Even leaving aside the issue of drugs for a moment, Mexico today faces a raft of threats to its wellbeing.
Most recently, the country has been struck by outbreaks of violence amid protests at rising fuel prices – petrol jumped by 20% on January 1– which are now having a knock-on effect in other areas of Mexican life, from upwardly creeping fares for public transport to food prices.
Having previously sold moves to deregulate the petrol sector as good for consumers, national ire has not unexpectedly turned on President Enrique Peña Nieto. Media observers of the petrol protests reported that some Mexicans now rate their president as worse for their country than his counterpart, President Donald Trump.
On events north of the border, the incoming Trump administration is also piling on the pressure for Mexicans.
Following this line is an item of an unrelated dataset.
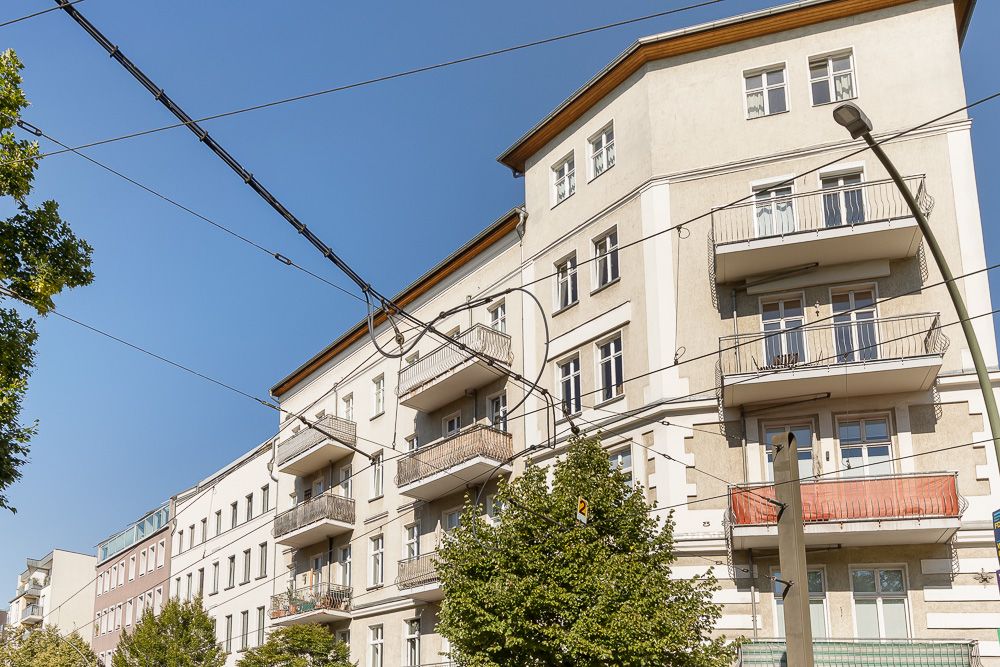 Mehrstöckiges Wohngebäude mit mehreren Balkonen, Bäumen davor und Stromleitungen im Vordergrund.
Ignoring pre-election bluster of the ‘Great Wall’, President Trump has already prompted a major rethink by US firms which normally opt for the lower costs of manufacturing their goods in Mexico, the latest being car giant GM Ford which cancelled plans for a Mexican plant in favour of pleasing the US president with jobs creation in the state of Michigan. Fiat Chrysler has signalled that it may follow suit. The Mexican peso, meanwhile, already under pressure slumped even further before the Trump inauguration when his nominee for Commerce Secretary announced that, once installed, he will renegotiate the North American Free Trade Agreement (NAFTA).
The outcome to all of this is as sadly predictable as the fate of Fr Sifuentes. Facing increased poverty, the loss of hoped-for jobs and spiraling costs, how long before an unknowable number of Mexicans decide that the drugs cartels offer their best prospects for the immediate future?
It is into this breach that Mexico’s Catholic Church has always stepped. Through education, provision for the poor, and any number of programmes designed to offer alternatives to young and despairing Mexicans, it is the Church which defies the inevitable. And it is its priests who pay the ultimate price when the Church’s message becomes inconvenient to drug dealers and those corrupted by their bribes.
Priests like Fr Sifuentes, murdered for preaching the hope that there can be a better path for Mexico, despite the challenges ahead.